# EXERCISE INSTRUCTIONS:
Lines in the listing that hold the string "with" need to be tallied, and the total given alone.

# SUPPLIED RECORDS:
● ● ● ● ●
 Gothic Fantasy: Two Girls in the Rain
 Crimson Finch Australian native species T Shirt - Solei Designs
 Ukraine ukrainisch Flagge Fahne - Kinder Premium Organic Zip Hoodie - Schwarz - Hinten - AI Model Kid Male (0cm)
● ● ● ● ●
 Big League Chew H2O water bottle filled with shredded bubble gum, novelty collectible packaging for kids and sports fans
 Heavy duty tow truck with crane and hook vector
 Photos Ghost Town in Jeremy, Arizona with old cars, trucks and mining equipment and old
● ● ● ● ●
# REPLY:
3